Filing a claim for refund. If you do not deduct
a bad debt on your original return for the year it becomes worthless,
you can file a claim for a credit or refund due to the bad debt. You
must use Form 1040X, Amended U.S. Individual Income Tax Return, to
amend your return for the year the debt became worthless. You must file
it within 7 years from the date your original return for that year had
to be filed, or 2 years from the date you paid the tax, whichever is
later. For more information about filing a claim, see Amended Returns
and Claims for Refund in chapter 1.
Additional information.
For more information, see Nonbusiness
Bad Debts in Publication 550.
For information on business bad debts, see chapter 14 of Publication
535, Business Expenses.
Losses on Small Business Stock
You can deduct as an ordinary loss, rather than as a capital loss,
your loss on the sale, trade, or worthlessness of section 1244 stock.
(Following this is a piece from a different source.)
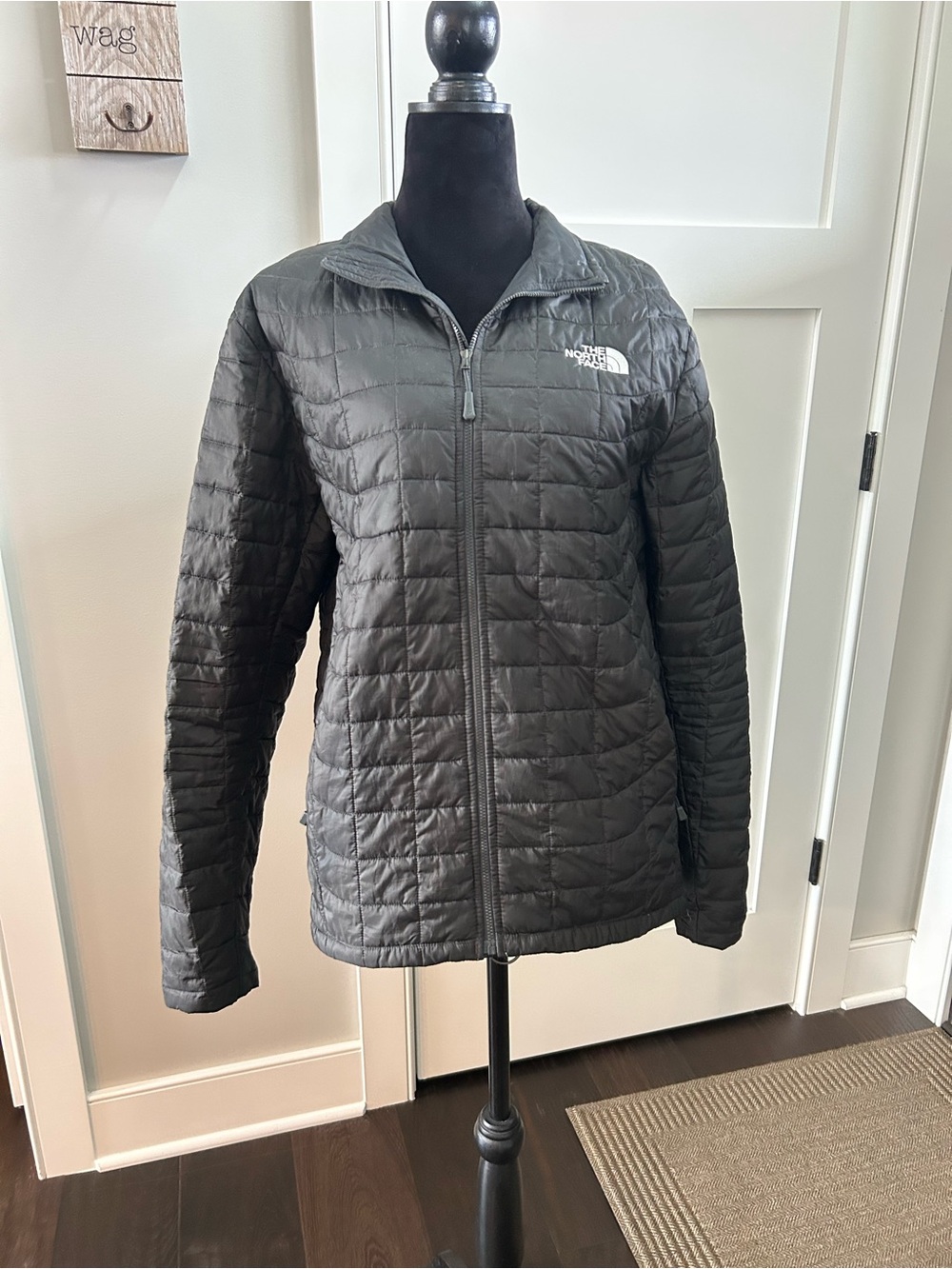 The North Face Men's Charcoal Quilted Lightweight Puffer Jacket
Any gain on this stock is capital gain and is reported on Schedule D
(Form 1040) if the stock is a capital asset in your hands. See
Losses on Section 1244 (Small Business) Stock and
Losses on Small Business Investment Company Stock in
chapter 4 of Publication 550.
Holding Period
If you sold or traded investment property, you must determine your
holding period for the property. Your holding period determines
whether any capital gain or loss was a short-term or long-term capital
gain or loss.
Long term or short term.
If you hold investment property more
than 1 year, any capital gain or loss is a long-term capital
gain or loss. If you hold the property 1 year or less, any capital
gain or loss is a short-term capital gain or loss.
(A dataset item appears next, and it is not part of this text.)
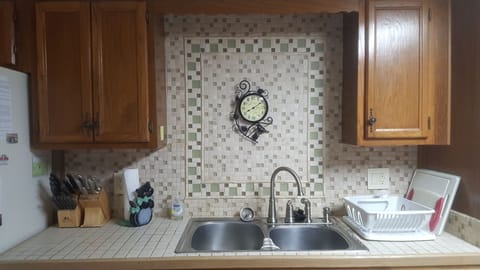 Kitchen sink area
To determine how long you held the investment property, begin
counting on the date after the day you acquired the property. The day
you disposed of the property is part of your holding period.
Example.
If you bought investment property on February 5, 1998 and sold it
on February 5, 1999, your holding period is not more than one year and
you will have a short-term capital gain or loss. If you sold it on
February 6, 1999, your holding period is more than 1 year and you will
have a long-term capital gain or loss.
Securities traded on established market.
For securities traded
on an established securities market, your holding period begins the day after
the trade date you bought the securities, and ends on the trade date you sold
them.
Do
not confuse the trade date with the settlement date, which is the date
by which the stock must be delivered and payment must be made.
Example.
You are a cash method, calendar year taxpayer. You sold stock at a
gain on December 30, 1999. According to the rules of the stock
exchange, the sale was closed by delivery of the stock 3 trading days
after the sale, on January 5, 2000. You received payment of the sales
price on that same day. Report your gain on your 1999 return, even
though you received the payment in 2000. The gain is long term or
short term depending on whether you held the stock more than 1 year.
Your holding period ended on December 30. If you had sold the stock at
a loss, you would also report it on your 1999 return.
Nontaxable trades.
If you acquire investment property in a trade
for other investment property and your basis for the new property is determined,
in whole or in part, by your basis in the old property, your holding period
for the new property begins on the day following the date you acquired the old
property. Chapter 14 discusses basis.
Property received as a gift.
If you receive a gift of property
and your basis is determined by the donor's basis, your holding period is considered
to have started on the same day the donor's holding period started.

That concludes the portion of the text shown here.